Her spine snaps at the word sister. She feels a fierce anger untether itself in her, and suddenly she is standing, their chests nearly touching. He smells of salt and pine and manhood, and it makes her head pound.
“If you do not love me, then tell me why. If you do not want me, then say it.”
Aragorn looks vaguely devastated.
“I need to hear you speak the words. Tell me you do not want me. Tell me I am alone is this and put me out of my misery.”
“Arwen.”
“Say it, Aragorn. Say it, hanar.”
A strange light catches in his eyes at the word brother. His breathing is heavy.
“Tell me you do not want me, that you never have.”
“Don’t—”
“Tell me you do not want me!”
“I WANT YOU!”
He has never raised his voice at her. It should terrify her, but Arwen’s chest swells with triumph. Aragorn tears away, hands in his hair. He hisses when she reaches for him.
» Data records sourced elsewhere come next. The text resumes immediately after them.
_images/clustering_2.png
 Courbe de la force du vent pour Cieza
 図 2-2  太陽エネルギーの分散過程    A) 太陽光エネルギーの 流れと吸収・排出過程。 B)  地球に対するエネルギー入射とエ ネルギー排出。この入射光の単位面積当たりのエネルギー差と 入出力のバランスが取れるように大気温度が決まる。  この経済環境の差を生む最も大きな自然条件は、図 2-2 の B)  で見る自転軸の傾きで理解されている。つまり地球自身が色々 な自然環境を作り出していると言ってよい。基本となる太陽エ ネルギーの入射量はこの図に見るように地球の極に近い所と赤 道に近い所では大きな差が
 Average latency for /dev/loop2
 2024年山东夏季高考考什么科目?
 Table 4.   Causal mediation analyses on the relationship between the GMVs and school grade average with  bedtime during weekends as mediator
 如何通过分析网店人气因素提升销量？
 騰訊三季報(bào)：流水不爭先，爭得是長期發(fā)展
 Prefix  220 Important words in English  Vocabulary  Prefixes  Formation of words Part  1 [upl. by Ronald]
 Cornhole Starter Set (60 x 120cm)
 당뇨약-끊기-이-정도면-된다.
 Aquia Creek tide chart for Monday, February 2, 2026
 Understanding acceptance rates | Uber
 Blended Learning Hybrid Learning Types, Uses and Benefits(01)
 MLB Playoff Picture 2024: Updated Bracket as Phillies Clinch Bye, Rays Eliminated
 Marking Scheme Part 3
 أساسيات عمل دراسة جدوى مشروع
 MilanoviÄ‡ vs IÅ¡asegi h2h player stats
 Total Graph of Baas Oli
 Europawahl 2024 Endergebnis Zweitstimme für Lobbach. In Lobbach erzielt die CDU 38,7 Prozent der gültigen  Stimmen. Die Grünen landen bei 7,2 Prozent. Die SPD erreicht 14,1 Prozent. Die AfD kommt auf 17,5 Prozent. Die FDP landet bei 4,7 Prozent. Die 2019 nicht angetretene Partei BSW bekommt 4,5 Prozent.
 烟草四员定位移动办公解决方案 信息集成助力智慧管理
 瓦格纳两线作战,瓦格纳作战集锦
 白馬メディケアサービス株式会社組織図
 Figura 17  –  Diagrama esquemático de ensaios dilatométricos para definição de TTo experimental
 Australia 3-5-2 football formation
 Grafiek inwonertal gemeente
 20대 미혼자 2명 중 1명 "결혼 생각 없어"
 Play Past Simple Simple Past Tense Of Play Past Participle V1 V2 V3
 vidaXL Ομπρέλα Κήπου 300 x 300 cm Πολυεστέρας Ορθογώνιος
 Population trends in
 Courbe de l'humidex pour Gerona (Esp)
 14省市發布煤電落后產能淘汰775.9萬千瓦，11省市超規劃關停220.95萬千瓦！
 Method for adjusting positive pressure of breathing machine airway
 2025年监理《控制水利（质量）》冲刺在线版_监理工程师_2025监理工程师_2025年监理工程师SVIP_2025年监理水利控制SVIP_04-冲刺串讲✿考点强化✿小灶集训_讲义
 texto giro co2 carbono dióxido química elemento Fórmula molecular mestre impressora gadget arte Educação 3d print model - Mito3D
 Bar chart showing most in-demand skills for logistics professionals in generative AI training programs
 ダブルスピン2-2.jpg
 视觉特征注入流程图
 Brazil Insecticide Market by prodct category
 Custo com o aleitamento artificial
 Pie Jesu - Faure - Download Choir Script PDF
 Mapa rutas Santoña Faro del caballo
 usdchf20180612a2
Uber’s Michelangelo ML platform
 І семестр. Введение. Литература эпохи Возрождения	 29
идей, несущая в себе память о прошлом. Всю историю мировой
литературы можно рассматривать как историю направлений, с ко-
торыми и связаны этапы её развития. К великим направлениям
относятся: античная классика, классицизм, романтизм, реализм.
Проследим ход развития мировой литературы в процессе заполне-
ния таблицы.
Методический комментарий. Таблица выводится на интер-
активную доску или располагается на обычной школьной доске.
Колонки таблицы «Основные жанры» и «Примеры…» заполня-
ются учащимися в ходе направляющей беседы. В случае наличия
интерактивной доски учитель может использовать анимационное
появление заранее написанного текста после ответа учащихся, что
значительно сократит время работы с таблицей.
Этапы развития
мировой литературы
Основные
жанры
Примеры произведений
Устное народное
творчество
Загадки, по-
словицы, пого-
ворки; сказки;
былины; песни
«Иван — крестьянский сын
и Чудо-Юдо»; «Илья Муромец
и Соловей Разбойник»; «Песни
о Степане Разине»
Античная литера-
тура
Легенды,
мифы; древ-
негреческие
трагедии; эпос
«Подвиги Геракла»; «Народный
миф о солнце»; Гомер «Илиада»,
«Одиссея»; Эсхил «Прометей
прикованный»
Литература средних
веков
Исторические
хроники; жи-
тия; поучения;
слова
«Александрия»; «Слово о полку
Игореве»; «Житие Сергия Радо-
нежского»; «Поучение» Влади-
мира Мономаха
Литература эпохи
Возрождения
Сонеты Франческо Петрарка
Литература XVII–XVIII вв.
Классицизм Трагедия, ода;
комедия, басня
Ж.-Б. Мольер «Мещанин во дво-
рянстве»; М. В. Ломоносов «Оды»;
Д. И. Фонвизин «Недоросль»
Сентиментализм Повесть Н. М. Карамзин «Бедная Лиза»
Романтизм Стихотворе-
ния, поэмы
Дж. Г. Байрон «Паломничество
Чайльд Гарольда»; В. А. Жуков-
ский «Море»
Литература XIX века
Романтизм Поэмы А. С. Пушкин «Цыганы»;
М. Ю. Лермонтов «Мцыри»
“You are cruel,” he whispers on a broken laugh, rubbing his eyes. “I never would have thought it of you.”
“Aragorn, look at me.” She reaches for him again. “You can have me. Do you understand? I am already yours.”
She palms his shoulder and his cheek bulges, but he does not pull away. Her fingers move to his neck. “I think of it often. What it would be like with you. I – I have never been with another, man or elf. It is not something often spoken of. Will you show me? Teach me what I must do?”
He catches her by the wrist when she tries to touch his face. His grip is hard, a bit too hard. She tests it on instinct, and shivers when it tightens.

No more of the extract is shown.